Xilio Therapeutics, Inc. Announced preliminary dose-escalation data reported for XTX101, a tumor-selective anti-CTLA-4. These data provide initial clinical validation of Xilio's geographically precise solutions (GPS) platform and demonstrate that XTX101 has reached dose levels above the target dose with limited active (unmasked) molecule in peripheral circulation. Based on these data, the company plan to explore a Phase 2 clinical trial for XTX101 in microsatellite stable (MSS) colorectal cancer.
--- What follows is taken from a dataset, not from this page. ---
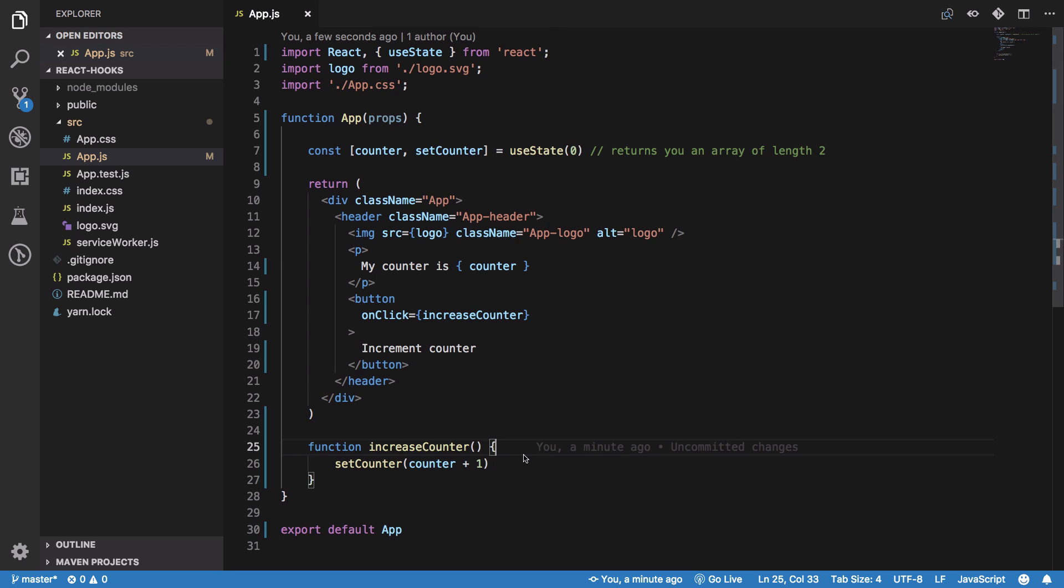That's your basic introduction to hooks and that's all for this video. If you liked it, don't forget to subscribe. Thank you for watching, I'll see you in the next video.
XTX101: Preliminary Dose-Escalation Data from Ongoing Phase 1 Clinical Trial: XTX101, an Fc-enhanced, tumor-selective anti-CTLA-4, is being evaluated in a Phase 1 clinical trial in patients with advanced solid tumors.

The target dose level for XTX101 of 60 mg is anticipated to provide anti-tumor activity similar to ipilimumab at 10 mg/kg (approximately 600 mg in a 60 kg patient) based on the 10 times greater potency observed for XTX101 relative to an ipilimumab analogue in preclinical studies. As of August 5, 2022, 12 patients have been treated with XTX101 in the monotherapy dose-escalation cohort (Part 1A) at four dose levels ranging from 7 mg to 180 mg: The 180 mg dose level has surpassed the 60 mg target dose level for XTX101. As a result, Xilio recently expanded enrollment at the 180 mg dose level.
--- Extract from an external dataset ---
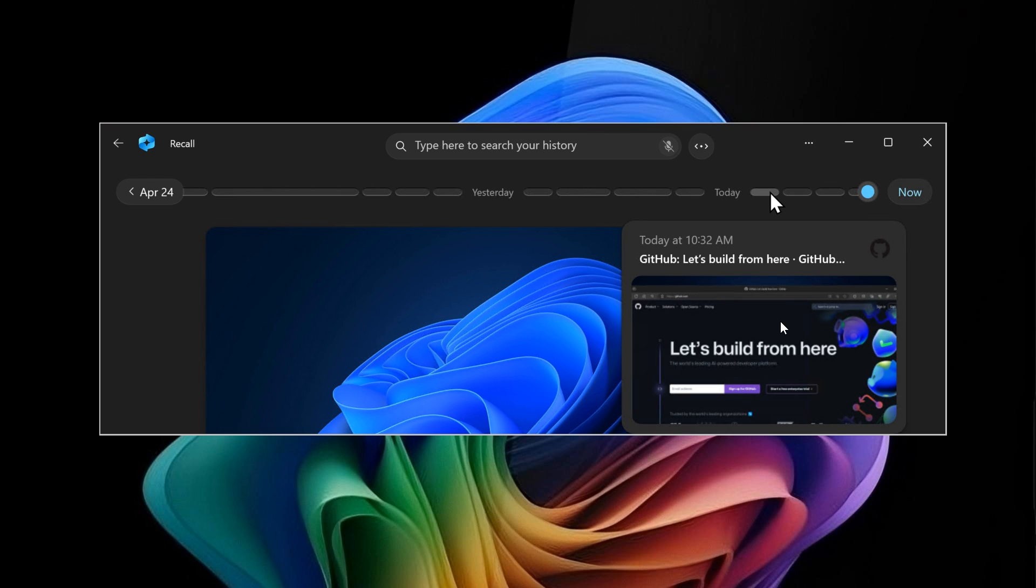In that video, which I'll link below in the end screen, Microsoft said that Recall would undergo testing in the Insider program. I posted a video a couple of days ago titled 'Is Windows Recall AI Still a Thing?' because nobody had heard from Microsoft since June 13th.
A maximum tolerated dose (MTD) has not yet been determined, and enrollment in the dose-escalation cohort is ongoing. Preliminary pharmacokinetic (PK) analyses demonstrated dose-proportional drug exposure, with limited active (unmasked) XTX101 in peripheral circulation (range of % active in periphery: 6% - 16%) consistent with PK data observed in preclinical studies. Additional XTX101 Development Updates: Xilio recently opened Part 1B of the clinical trial for patient enrollment, which is a monotherapy cohort designed to evaluate anti-tumor activity, including intra-tumoral PK and pharmacodynamic (PD) data, in patients with anti-CTLA-4 sensitive tumor types, with the goal of characterizing the anti-tumor activity of XTX101 at one or more dose levels selected in Part 1A of the trial.
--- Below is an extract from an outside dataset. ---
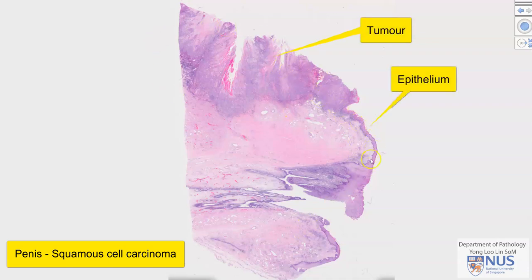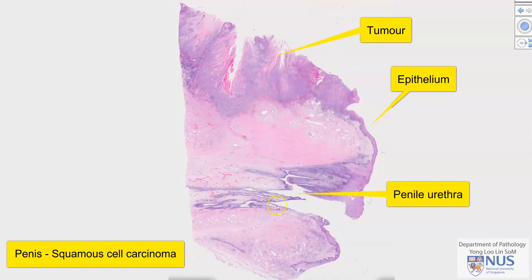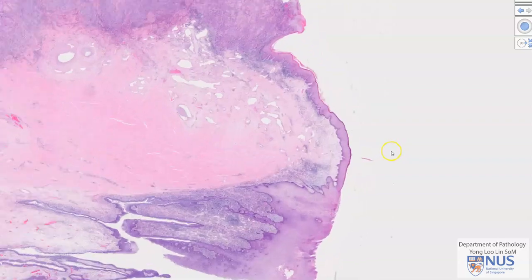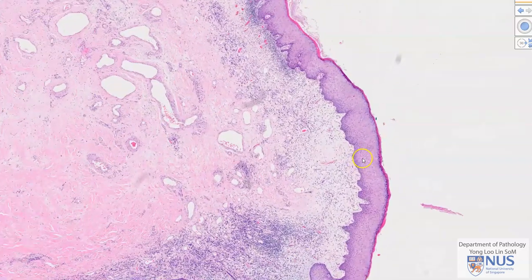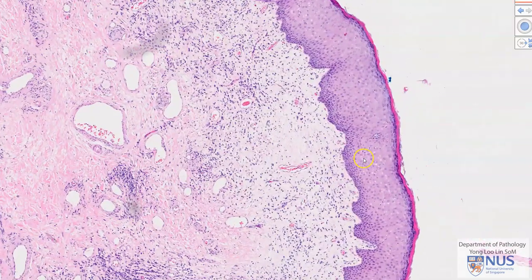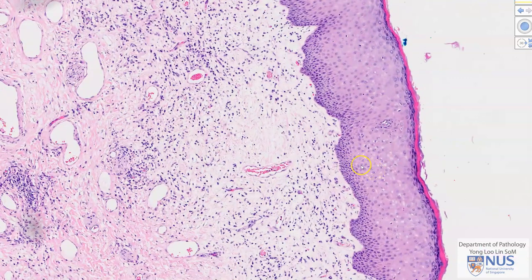This is the epithelium of the glans. Here is the penile urethra. Let's have a quick look at the normal epithelium of the penis. We can see that this is stratified squamous epithelium, and in this case there is a little bit of surface keratinization, which may or may not be present.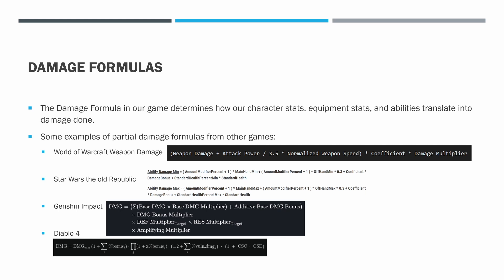I also pulled the damage formula for Diablo 4. It looks different, but if you look at it, you realize it's really just the same thing as Genshin — they're just writing it a little differently. You're summing up things and then multiplying them together. At the end, CSC and CSD are probably something related to crit rate and crit damage. But those are some examples of partial damage formulas from other games.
Given the potential for Fc-enhanced anti-CTLA-4 agents like XTX101 to demonstrate activity in tumors that are historically resistant to immuno-oncology treatment, Xilio plans to explore evaluating XTX101 in a Phase 2 clinical trial in patients with microsatellite stable (MSS) colorectal cancer in combination with an anti-PD(L)-1. XTX202: Phase 1 Clinical Trial Progress: XTX202, a tumor-selective, engineered IL-2, is being evaluated in a Phase 1 clinical trial in patients with advanced solid tumors. As of August 5, 2022, six patients have been treated with XTX202 as outpatients in the monotherapy dose-escalation cohort (Part 1A) at three dose levels ranging from 0.27 mg/kg to 0.53 mg/kg. An MTD has not yet been determined, and enrollment in the dose-escalation cohort is ongoing.